(COLLECTED DATA):

────────────────

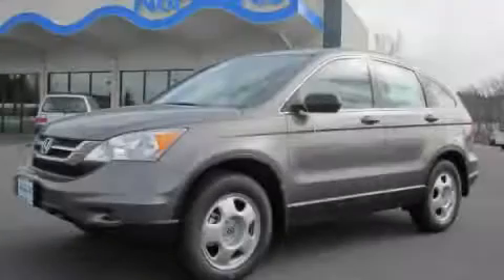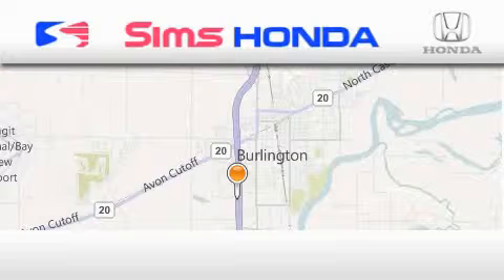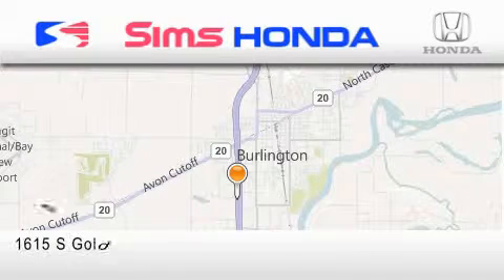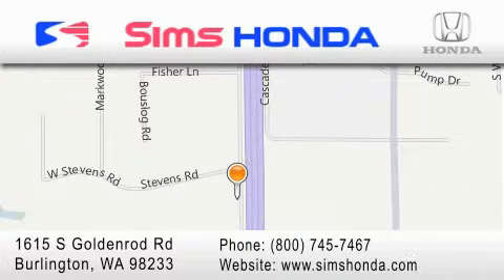Contact us today to arrange your test drive. Sims Honda is located at 1615 South Goldenrod Road in Burlington. Our goal is to exceed all of your expectations to ensure that you'll return for future visits.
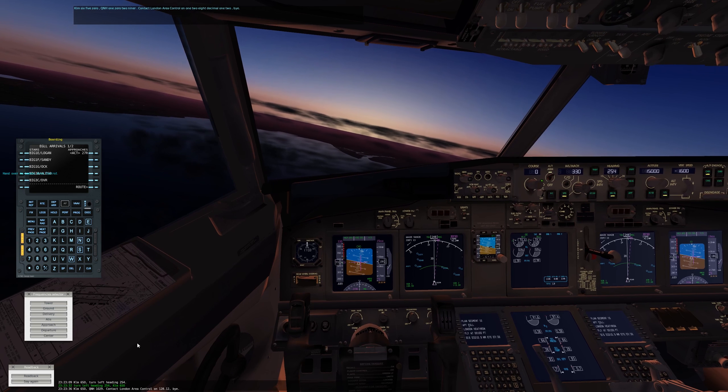128.12 — and we can tune in. London Area Control, good afternoon. KLM 650 passing flight level 171, descending flight level 150. So we are checked in. Yeah, now it's quite light at night. KLM 650, descend flight level 150. Yeah that's what we are aiming for, flight level 150. KLM 650, I may try to descend faster. There's some airport in the distance there — probably not Heathrow yet. We are getting close to flight level 150.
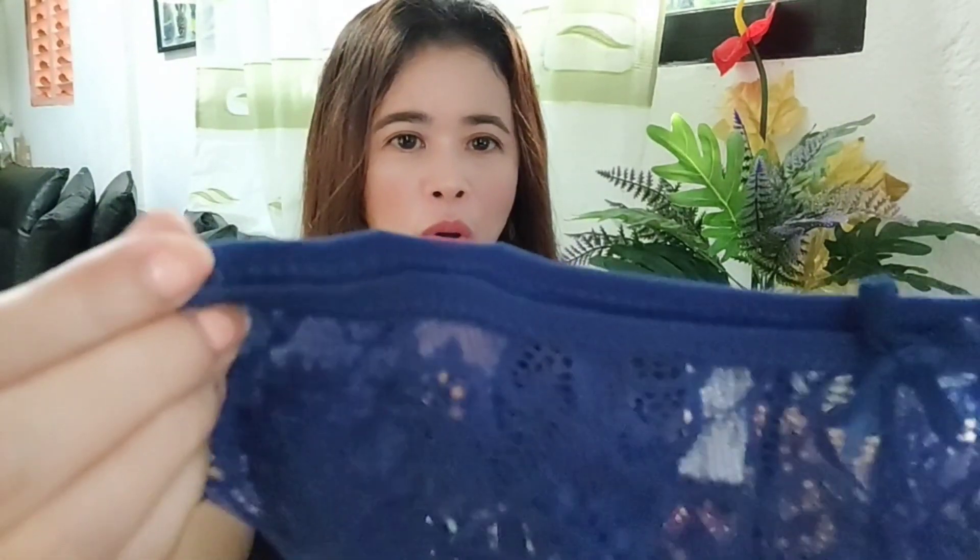Yung harapan niya ay may ribbon, mga besh. Meron siyang ribbon dito. And then yung kanyang bewang — bewang batagol — maliit lang. Garter siya, parang siyang garter.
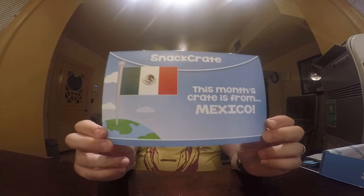Hello and welcome to another unboxing of Snack Crate. This month's Snack Crate is from Mexico, and a lot of these I might have tried before because Mexico being so close, we get a lot of their stuff here anyway. So I'm just going to go through this, try a few of them, and let you know about the Snack Crate from Mexico.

────────────────

(EXERCISE GOAL):
Omit the pictures and write out exactly the lines from the one containing "Yung harapan niya" through the last line of the material.

(OUTPUT):
Yung harapan niya ay may ribbon, mga besh. Meron siyang ribbon dito. And then yung kanyang bewang — bewang batagol — maliit lang. Garter siya, parang siyang garter.
Hello and welcome to another unboxing of Snack Crate. This month's Snack Crate is from Mexico, and a lot of these I might have tried before because Mexico being so close, we get a lot of their stuff here anyway. So I'm just going to go through this, try a few of them, and let you know about the Snack Crate from Mexico.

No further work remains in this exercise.